_Prompt_. Using the records below, transcribe word for word the stretch from the line that contains "Piankowe róże do dekoracji" through the line that contains "Jeep Grand Cherokee", both end lines included, and nothing else.

_Provided material_.
=-=-=

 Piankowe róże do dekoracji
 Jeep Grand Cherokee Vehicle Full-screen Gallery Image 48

=-=-=

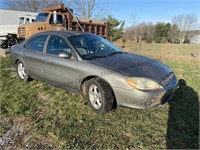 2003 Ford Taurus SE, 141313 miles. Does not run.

=-=-=

_Your response_.
 Piankowe róże do dekoracji
 Jeep Grand Cherokee Vehicle Full-screen Gallery Image 48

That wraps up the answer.